Pertanyaannya kemudian: di mana kebenar­an dan keadilan? Dalam konflik,
dalam suasana amarah, kedua pengertian itu mencerminkan impian kita tapi
juga ketidakberdayaan kita. Agama memang sering memberi kita bayangan
kepastian yang absolut tentang kebenaran dan keadilan, tapi seperti
dikatakan Farid Esack di atas, pada akhirnya ajaran membutuhkan penafsir,
dan penafsir adalah manusia. Kebenaran dan keadilan mau tak mau dirumuskan
berdasarkan "bawaan" sejarah seseorang.
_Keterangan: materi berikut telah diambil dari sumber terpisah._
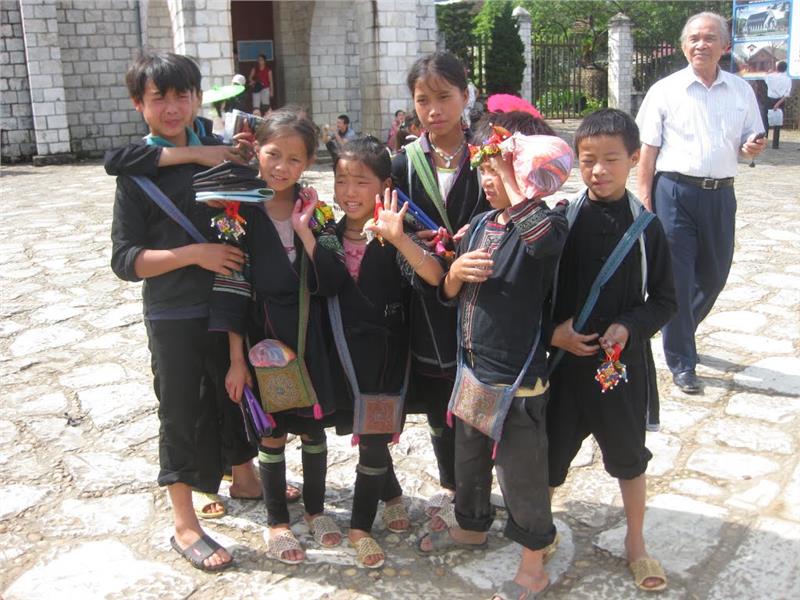 Hmong children in Sapa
Tak berarti, kata Farid Esack,
sebuah "aku" tak punya keyakinan. "Tentu saja saya punya keyakinan,"
katanya. Keyakinan itu dipegangnya dengan bergelora, dan bahkan ia pernah
menderita karena itu. "Tapi, aku tak akan dapat melangkahi orang lain...
bahwa hanya keyakinanku yang penting. Sementara aku dapat dan memang
memperoleh keyakinanku dari Quran, aku tak lagi dapat mengabaikan sifat
pluralistik dunia tempat kita hidup. Aku harus mene­mukan satu ukuran untuk
menentukan apa yang betul dan tak betul, adil dan tak adil, prasangkaku dan
kecende­runganku. Aku tak dapat lagi mengimbau kepada apa yang semata-mata
hanya milik komunitasku. "

Jika kita baca risalah seperti ini, memang dunia bisa tetap beragam dan
selalu damai. Persoalannya ialah bahwa tak semua orang seperti Farid Esack.
Sesuai dengan argumen­nya, tak semua petuah agama mengungkapkan sikap
ter­buka kepada keterbatasan manusia dalam menafsir ajaran Tuhan; dengan
kata lain, tak semua seperti yang kita temui dalam ucapan'Ali Ibn Abi Talib.

Juga tak semua kata-kata suci mengandung suara sejuk; tak jarang ada yang
bisa dengan gampang ditafsirkan se­bagai pedoman untuk menampik toleransi.
Maka agama, ketika dipakai untuk menjelaskan hal ihwal, datang kepada kita
dan membuat kita terhibur, tapi juga menjadi ganas.